Task-Specific and Scaling Hyperparameters: Scale-reweighting, curriculum schedules, and expert regularization must be tuned to prevent decoding instability or mode collapse, especially at scale or as new domains/modalities are introduced.

A plausible implication is that future unified architectures will require dynamically adaptive tokenization and hierarchical attention mechanisms, as well as principled hybridization of autoregressive, diffusion, and flow-matching objectives tailored per modality and task.
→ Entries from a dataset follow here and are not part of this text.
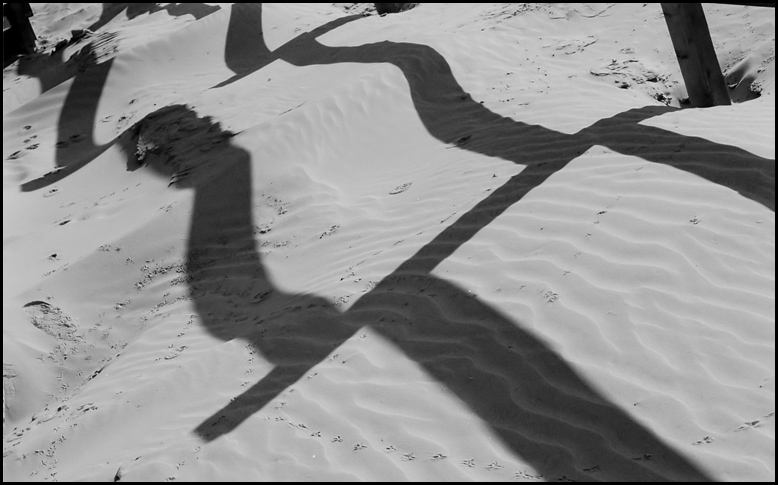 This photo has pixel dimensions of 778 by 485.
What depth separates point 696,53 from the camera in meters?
5.53

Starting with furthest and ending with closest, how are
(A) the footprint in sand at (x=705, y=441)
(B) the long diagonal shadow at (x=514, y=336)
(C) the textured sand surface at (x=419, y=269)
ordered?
1. (C) the textured sand surface at (x=419, y=269)
2. (B) the long diagonal shadow at (x=514, y=336)
3. (A) the footprint in sand at (x=705, y=441)

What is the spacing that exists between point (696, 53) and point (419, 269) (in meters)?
3.07

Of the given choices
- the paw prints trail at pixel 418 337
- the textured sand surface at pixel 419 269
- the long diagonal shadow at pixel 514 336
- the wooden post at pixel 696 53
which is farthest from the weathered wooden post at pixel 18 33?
the wooden post at pixel 696 53

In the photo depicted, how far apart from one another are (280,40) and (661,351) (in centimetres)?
789

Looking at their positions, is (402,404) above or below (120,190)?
below

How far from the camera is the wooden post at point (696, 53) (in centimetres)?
541

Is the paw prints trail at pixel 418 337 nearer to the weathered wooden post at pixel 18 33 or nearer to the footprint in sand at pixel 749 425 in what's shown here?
the footprint in sand at pixel 749 425

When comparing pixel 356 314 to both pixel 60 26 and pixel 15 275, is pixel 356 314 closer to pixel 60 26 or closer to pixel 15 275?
pixel 15 275

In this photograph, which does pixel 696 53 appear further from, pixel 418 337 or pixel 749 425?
Answer: pixel 749 425

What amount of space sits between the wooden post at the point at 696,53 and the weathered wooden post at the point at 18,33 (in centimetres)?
1111

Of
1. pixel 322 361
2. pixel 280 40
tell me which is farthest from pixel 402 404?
pixel 280 40

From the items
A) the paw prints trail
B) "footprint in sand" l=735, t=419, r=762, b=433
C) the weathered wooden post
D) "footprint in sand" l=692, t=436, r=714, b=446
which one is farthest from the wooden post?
the weathered wooden post

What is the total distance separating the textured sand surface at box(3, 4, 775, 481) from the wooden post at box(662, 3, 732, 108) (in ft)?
1.31

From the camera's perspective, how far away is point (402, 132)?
645cm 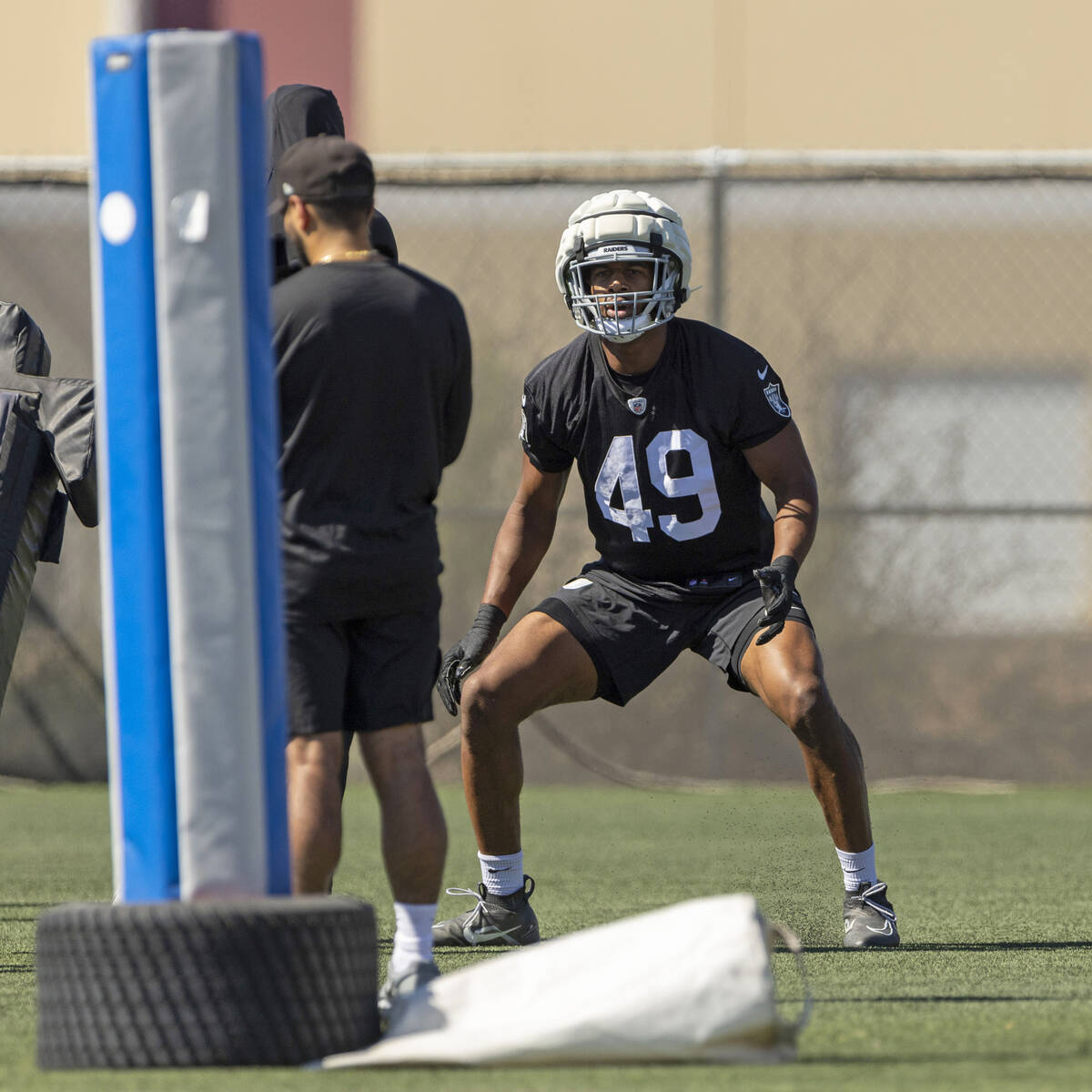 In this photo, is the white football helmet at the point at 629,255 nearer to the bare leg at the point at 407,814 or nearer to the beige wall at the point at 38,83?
the bare leg at the point at 407,814

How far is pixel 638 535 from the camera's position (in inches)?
203

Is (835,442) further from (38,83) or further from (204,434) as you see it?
(204,434)

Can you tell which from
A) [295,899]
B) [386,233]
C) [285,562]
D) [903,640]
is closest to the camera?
[295,899]

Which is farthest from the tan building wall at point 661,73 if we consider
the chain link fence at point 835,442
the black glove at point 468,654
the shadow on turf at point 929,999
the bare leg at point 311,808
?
the bare leg at point 311,808

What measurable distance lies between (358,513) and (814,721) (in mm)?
1569

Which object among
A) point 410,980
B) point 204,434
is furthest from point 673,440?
point 204,434

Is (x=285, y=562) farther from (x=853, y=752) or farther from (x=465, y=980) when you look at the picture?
(x=853, y=752)

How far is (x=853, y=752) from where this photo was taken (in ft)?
15.9

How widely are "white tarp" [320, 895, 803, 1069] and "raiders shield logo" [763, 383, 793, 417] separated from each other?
6.73ft

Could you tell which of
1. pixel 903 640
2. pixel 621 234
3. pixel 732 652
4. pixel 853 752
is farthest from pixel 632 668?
pixel 903 640

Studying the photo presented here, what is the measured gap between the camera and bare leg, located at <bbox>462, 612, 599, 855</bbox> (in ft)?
16.5

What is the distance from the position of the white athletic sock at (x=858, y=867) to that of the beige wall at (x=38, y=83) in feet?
30.6

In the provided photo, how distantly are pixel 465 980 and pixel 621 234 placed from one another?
2.23m

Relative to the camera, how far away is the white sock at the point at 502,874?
4.98 meters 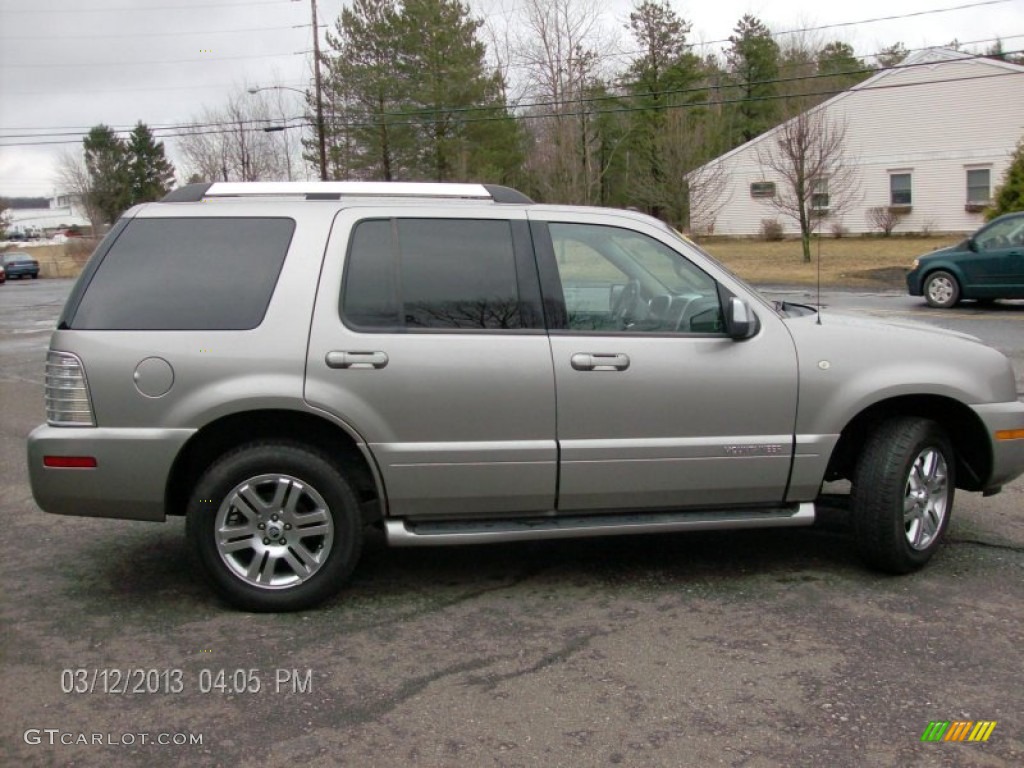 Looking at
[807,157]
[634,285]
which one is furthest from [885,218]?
[634,285]

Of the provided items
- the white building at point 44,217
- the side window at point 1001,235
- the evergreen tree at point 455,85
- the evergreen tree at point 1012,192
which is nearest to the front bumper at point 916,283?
the side window at point 1001,235

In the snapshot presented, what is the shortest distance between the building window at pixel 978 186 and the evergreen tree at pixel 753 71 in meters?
18.1

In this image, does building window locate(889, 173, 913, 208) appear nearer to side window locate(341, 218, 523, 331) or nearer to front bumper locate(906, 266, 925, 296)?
front bumper locate(906, 266, 925, 296)

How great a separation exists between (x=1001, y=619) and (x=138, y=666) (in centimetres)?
356

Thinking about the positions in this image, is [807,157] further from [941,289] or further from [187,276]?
[187,276]

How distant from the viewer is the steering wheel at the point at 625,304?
475cm

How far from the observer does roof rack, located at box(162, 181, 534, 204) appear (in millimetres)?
4809

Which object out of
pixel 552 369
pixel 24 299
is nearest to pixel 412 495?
pixel 552 369

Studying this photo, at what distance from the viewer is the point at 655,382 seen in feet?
15.1

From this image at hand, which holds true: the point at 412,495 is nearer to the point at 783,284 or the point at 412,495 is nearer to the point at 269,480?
the point at 269,480

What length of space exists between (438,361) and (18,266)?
164 ft

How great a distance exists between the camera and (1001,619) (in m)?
4.34

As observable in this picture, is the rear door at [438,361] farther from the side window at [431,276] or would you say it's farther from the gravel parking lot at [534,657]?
the gravel parking lot at [534,657]

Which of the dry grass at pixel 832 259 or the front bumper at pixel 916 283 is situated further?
the dry grass at pixel 832 259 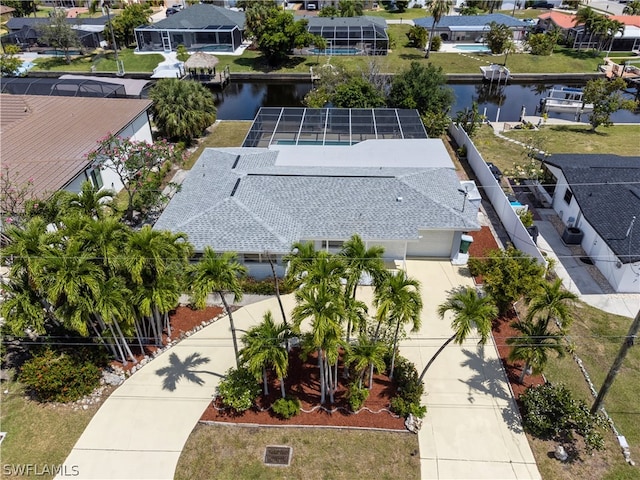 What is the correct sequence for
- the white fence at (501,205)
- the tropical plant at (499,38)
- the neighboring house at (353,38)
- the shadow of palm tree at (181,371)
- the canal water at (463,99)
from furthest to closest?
the neighboring house at (353,38) → the tropical plant at (499,38) → the canal water at (463,99) → the white fence at (501,205) → the shadow of palm tree at (181,371)

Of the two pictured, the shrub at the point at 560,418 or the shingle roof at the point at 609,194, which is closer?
the shrub at the point at 560,418

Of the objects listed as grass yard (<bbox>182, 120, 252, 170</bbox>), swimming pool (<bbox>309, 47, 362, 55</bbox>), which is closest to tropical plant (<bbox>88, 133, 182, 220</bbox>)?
grass yard (<bbox>182, 120, 252, 170</bbox>)

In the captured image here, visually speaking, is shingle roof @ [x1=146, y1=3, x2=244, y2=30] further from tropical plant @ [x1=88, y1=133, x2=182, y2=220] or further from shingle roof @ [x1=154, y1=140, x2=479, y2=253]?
shingle roof @ [x1=154, y1=140, x2=479, y2=253]

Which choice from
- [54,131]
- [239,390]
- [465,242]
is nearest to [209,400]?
[239,390]

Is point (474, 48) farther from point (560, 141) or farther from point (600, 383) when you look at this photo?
point (600, 383)

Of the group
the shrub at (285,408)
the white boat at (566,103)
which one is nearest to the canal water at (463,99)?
the white boat at (566,103)

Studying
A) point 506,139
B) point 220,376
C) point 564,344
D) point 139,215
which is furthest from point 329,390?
point 506,139

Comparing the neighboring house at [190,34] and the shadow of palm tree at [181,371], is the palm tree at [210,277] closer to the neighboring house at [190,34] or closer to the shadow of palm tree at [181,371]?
the shadow of palm tree at [181,371]

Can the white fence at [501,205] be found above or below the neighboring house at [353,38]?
below
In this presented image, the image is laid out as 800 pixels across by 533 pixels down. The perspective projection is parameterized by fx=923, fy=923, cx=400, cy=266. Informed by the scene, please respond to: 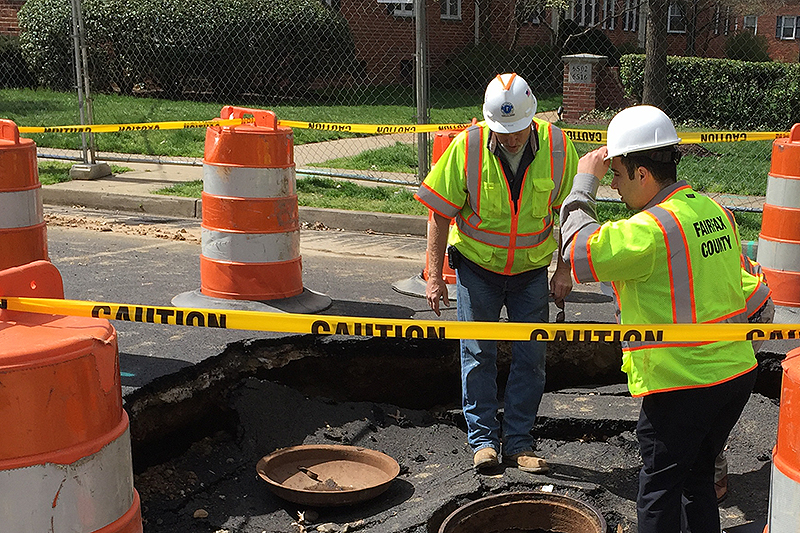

Collectively, unified and interleaved token models represent a paradigm shift in multimodal foundation modeling, enabling rich joint understanding and generation across heterogeneous signals, with scalable architectures and emergent in-context capabilities. The technical maturity demonstrated by recent work across domains—language–vision (Zhang et al., 5 Jan 2026, Liao et al., 8 May 2025), audio (Manakul et al., 18 Feb 2026, Sugiura et al., 18 Sep 2025), sequential decision (Tian et al., 24 Oct 2025), world modeling (Liu et al., 28 Mar 2026), recommendation (Hou et al., 17 Nov 2025, Zhou et al., 15 Apr 2026)—suggests this is now an established and rapidly evolving area foundational to future AI systems.